We were, err, I was being silly, as an 8 year old child typically is. What made this day special was that my dad was being silly too. You just have to understand that he wasn't a silly guy. My mom had already gotten up from the table, and in a rare moment of solidarity, my brother, father and I refused to allow her to turn the channel. Why? Because midget wrestling was on, of course.
I'm not sure that you understand how funny midget wrestling is to an 8 year old, so I'll tell you.
We laughed. We laughed hard. My mother warned me to stop. I couldn't. It was midgets wrestling for pete's sake. My dad was egging us on. My mom said I was going to get sick. I didn't care. It was hilarious and my dad was on our side. Side-splitting laughter kept occurring. I'm pretty sure one wrestler went up to the top rope. Do you know how high that is? That was it. By far the funniest thing an 8 year old has seen. Another warning came from my mother. I should have listened.

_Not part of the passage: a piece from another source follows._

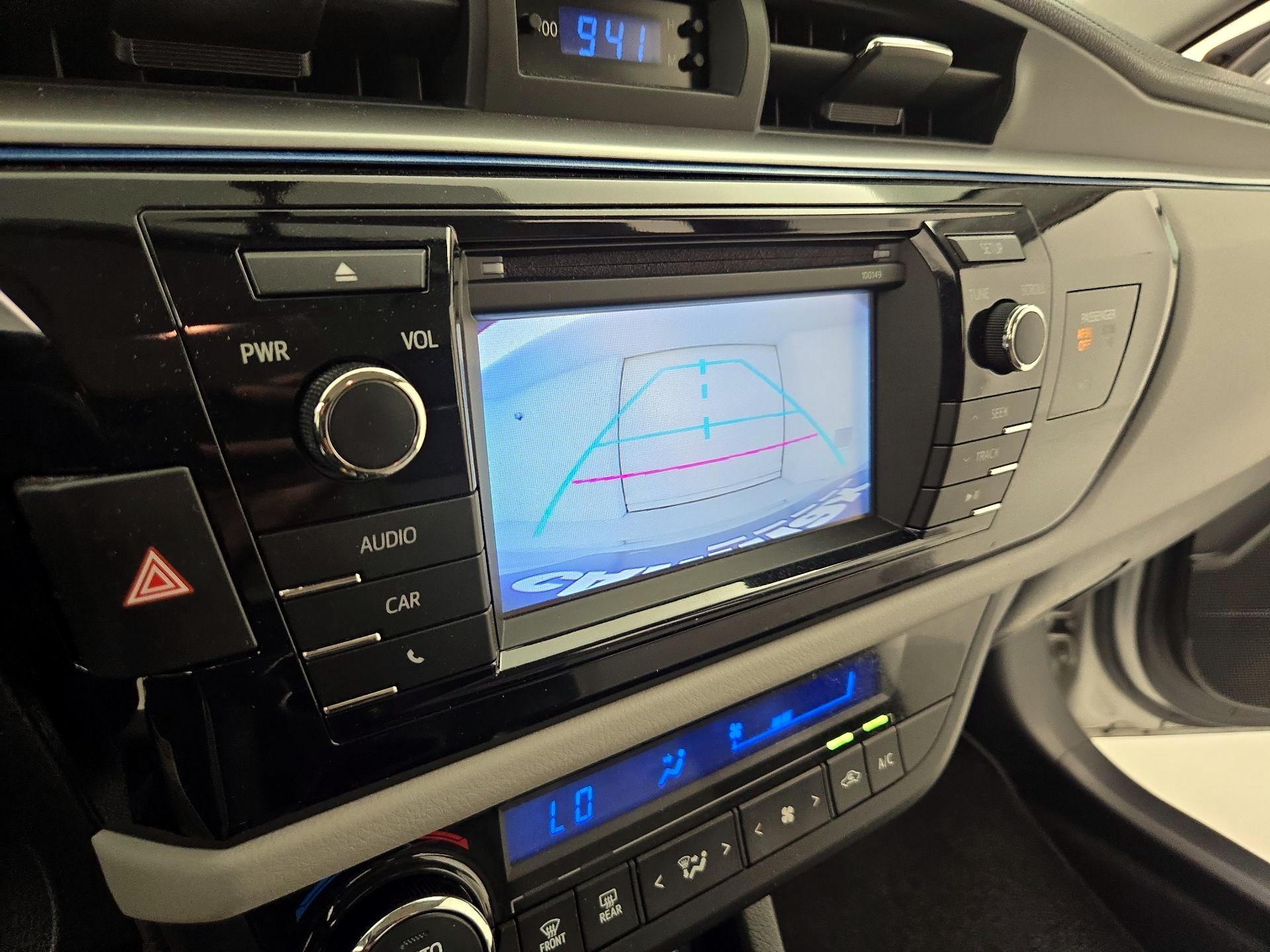 Thumbnail: 2015 Toyota Corolla - 14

The next minute is burned in my mind forever. I was laughing hysterically as I shoved watermelon down my throat and the inevitable happened. My stomach decided that I should either laugh or eat, but not both. My brain was laughing too loud to hear my stomach, just as I was laughing too loud to hear my mom. I would say that there was no warning, but I'm sure there was for my gut erupted and the watermelon returned to the table. I can't remember what I had for lunch yesterday but I remember that I had a paper plate sitting in a wicker plate holder.
After the initial shock that I had thrown up, to the disgust of my mother, we kept laughing. That was a great day in Burkes history.